▶ Work instruction
Reproduce the lines below exactly, from the one containing "Gay fucked by" through the one containing "Фильтр масла Knecht HX155 MAHLE (HX155)", both included. Leave out any pictures.

▶ Records for this task
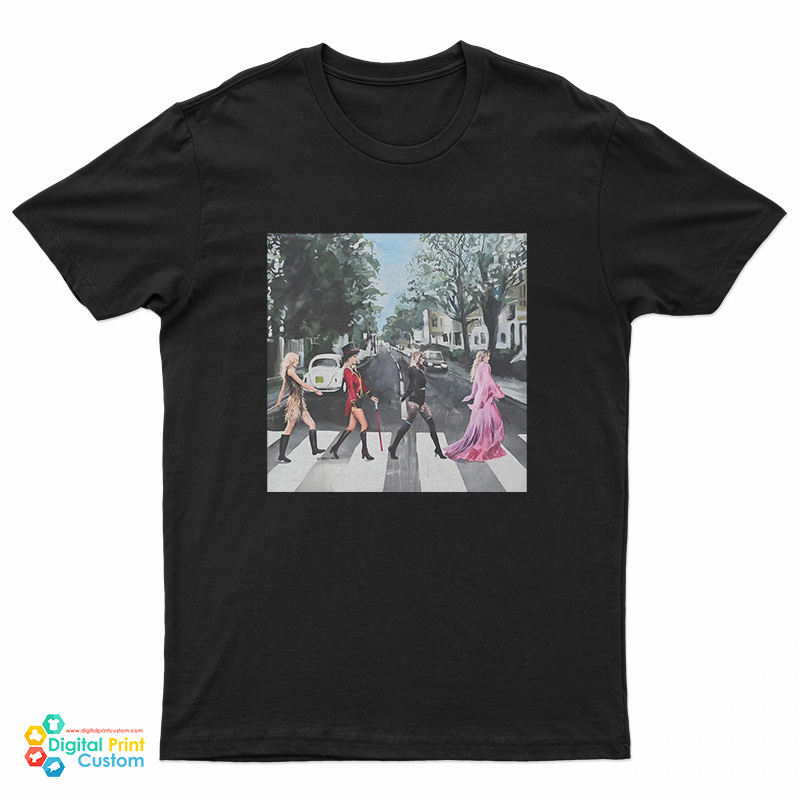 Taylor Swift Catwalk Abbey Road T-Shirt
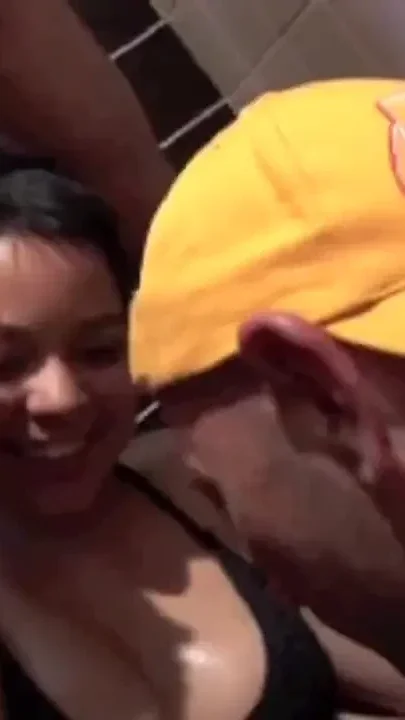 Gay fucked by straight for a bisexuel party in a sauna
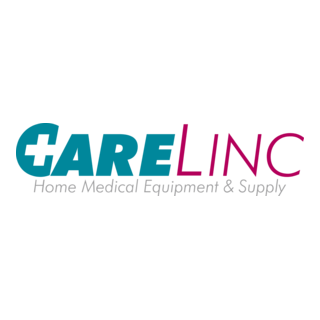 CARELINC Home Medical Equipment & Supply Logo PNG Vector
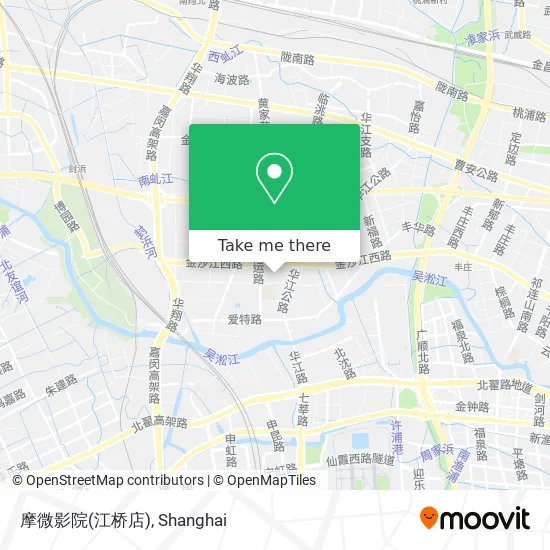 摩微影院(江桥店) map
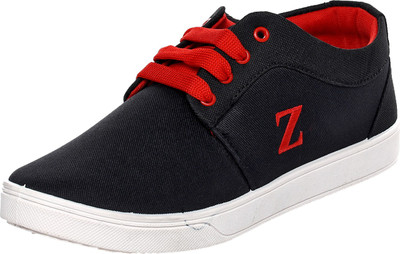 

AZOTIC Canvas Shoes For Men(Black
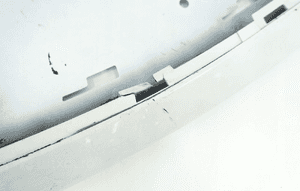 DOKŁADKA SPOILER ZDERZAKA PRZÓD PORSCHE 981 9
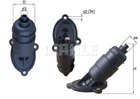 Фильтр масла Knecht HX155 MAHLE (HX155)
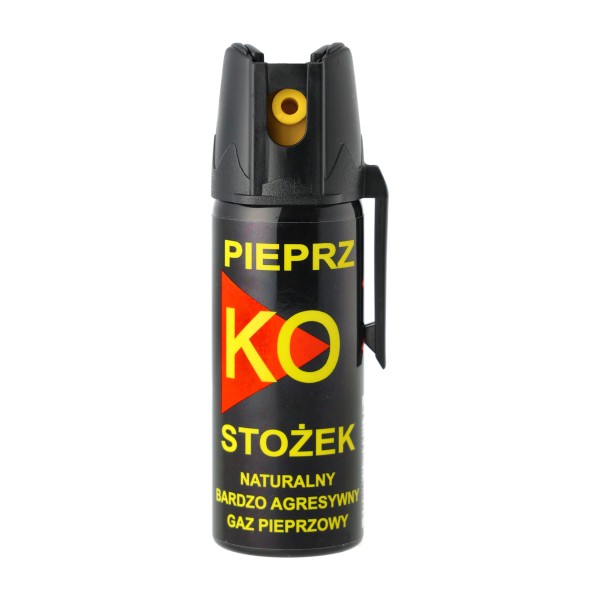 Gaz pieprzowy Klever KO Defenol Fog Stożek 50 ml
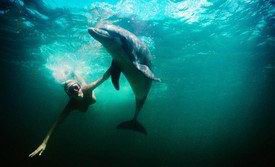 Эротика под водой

--

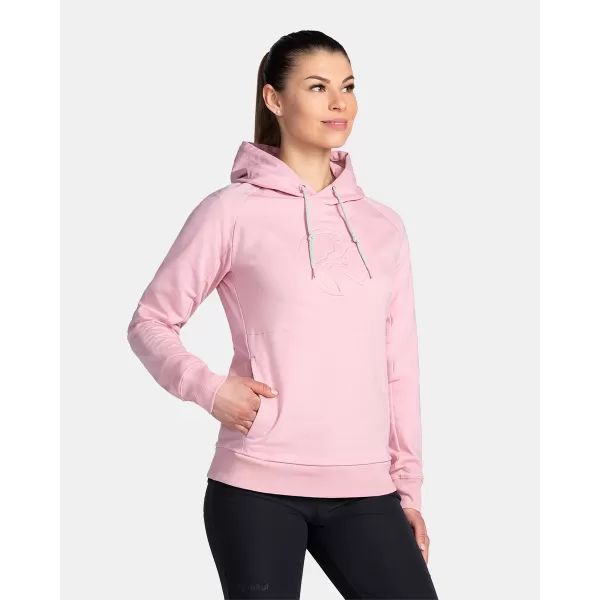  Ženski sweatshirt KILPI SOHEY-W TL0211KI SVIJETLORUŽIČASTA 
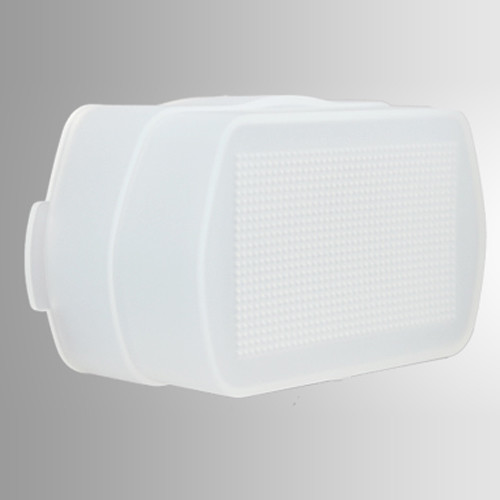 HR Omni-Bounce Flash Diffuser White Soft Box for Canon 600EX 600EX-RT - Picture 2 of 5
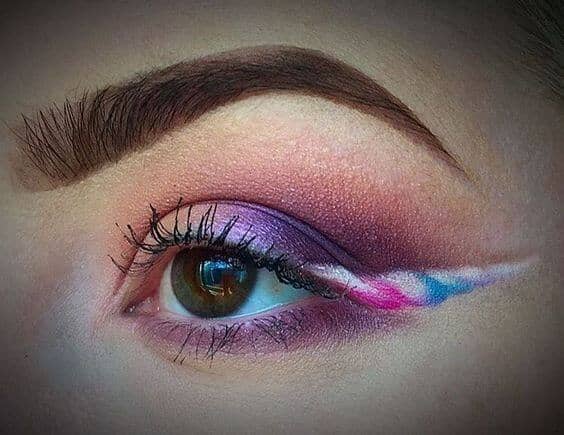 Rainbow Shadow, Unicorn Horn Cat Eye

---

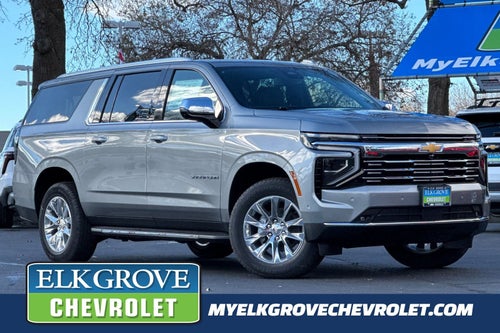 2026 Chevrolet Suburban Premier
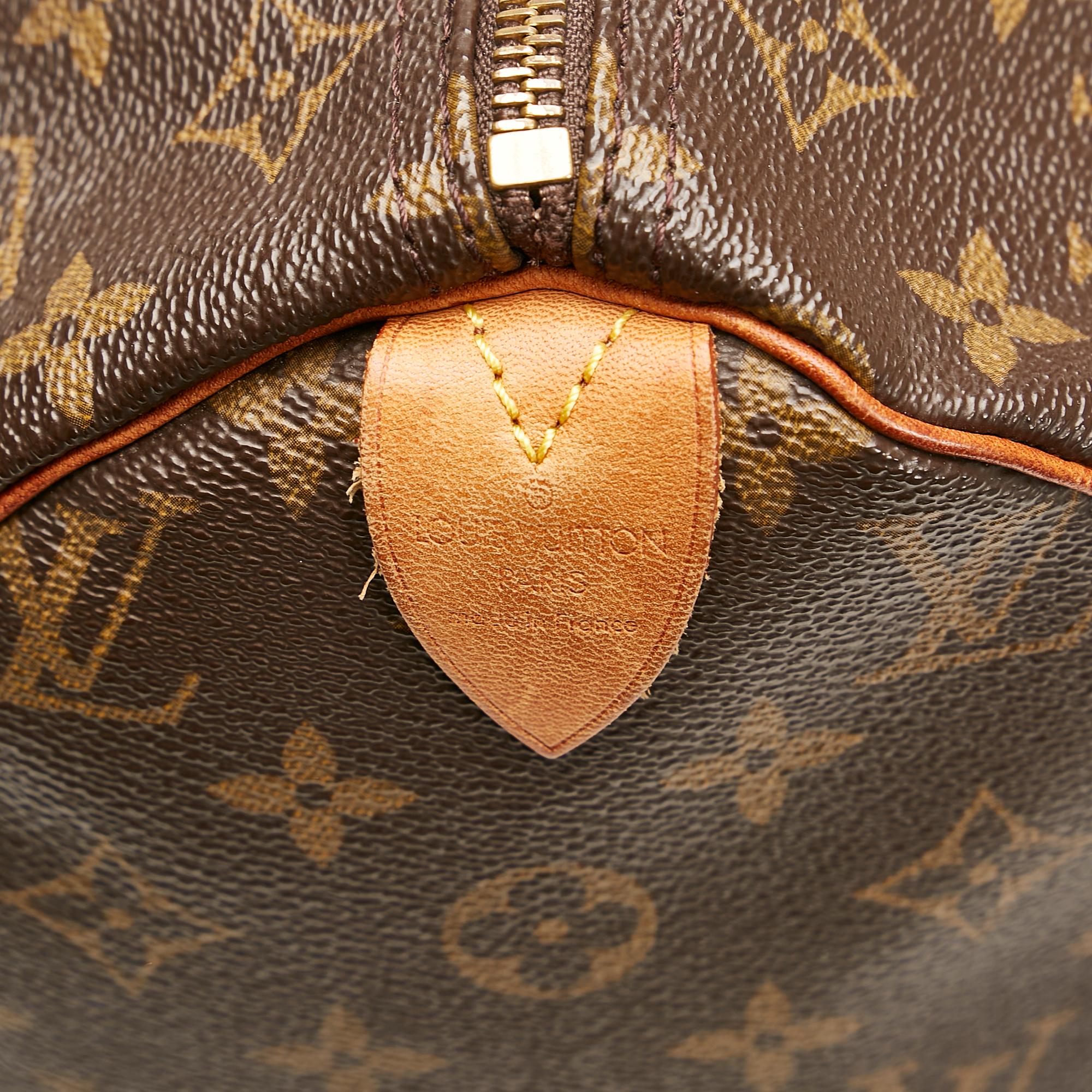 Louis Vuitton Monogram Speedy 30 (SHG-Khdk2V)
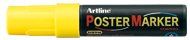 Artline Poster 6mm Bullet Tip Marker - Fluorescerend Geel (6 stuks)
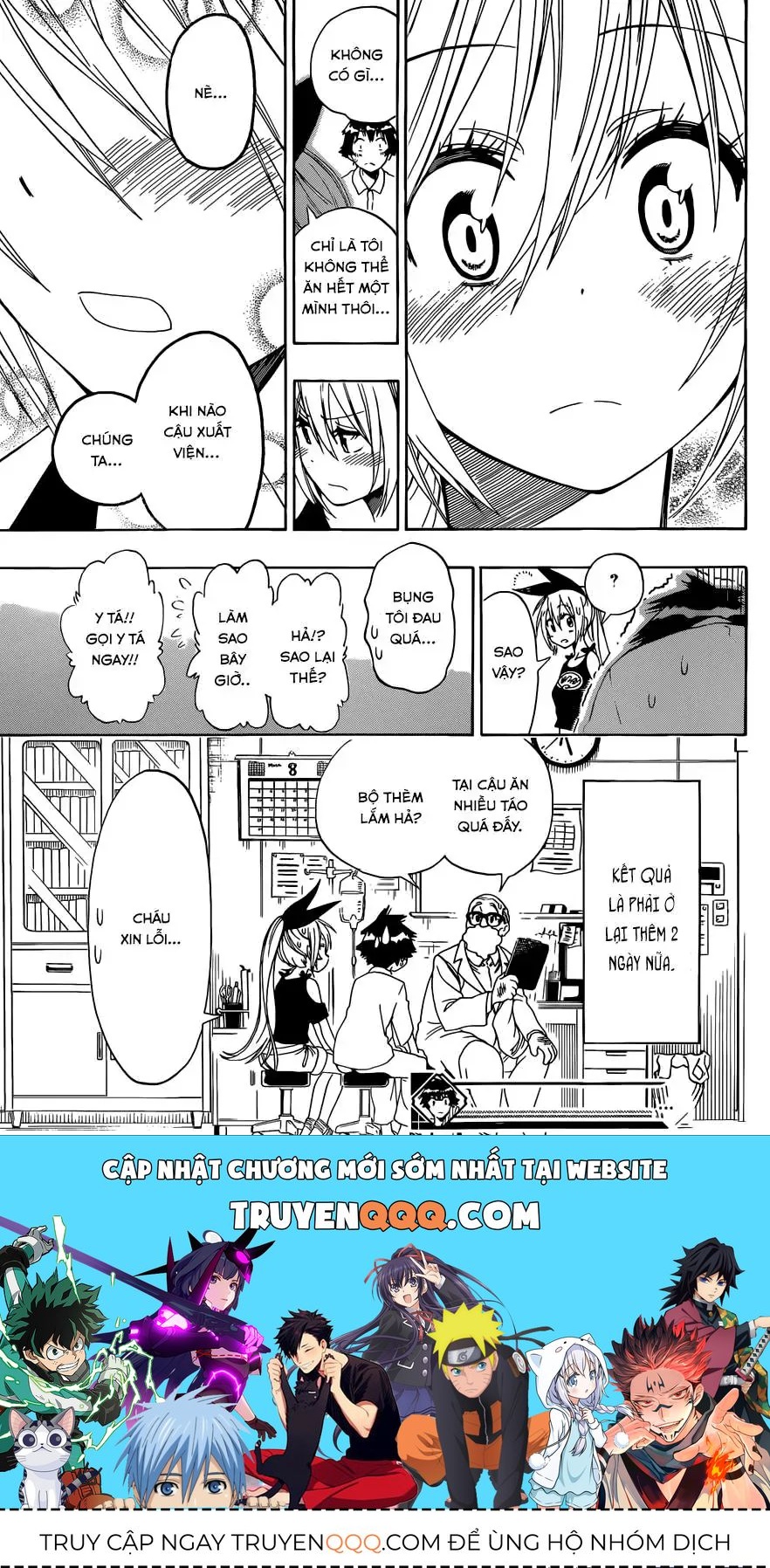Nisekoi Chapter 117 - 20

▶ Result for this exercise
 Gay fucked by straight for a bisexuel party in a sauna
 CARELINC Home Medical Equipment & Supply Logo PNG Vector
 摩微影院(江桥店) map

AZOTIC Canvas Shoes For Men(Black
 DOKŁADKA SPOILER ZDERZAKA PRZÓD PORSCHE 981 9
 Фильтр масла Knecht HX155 MAHLE (HX155)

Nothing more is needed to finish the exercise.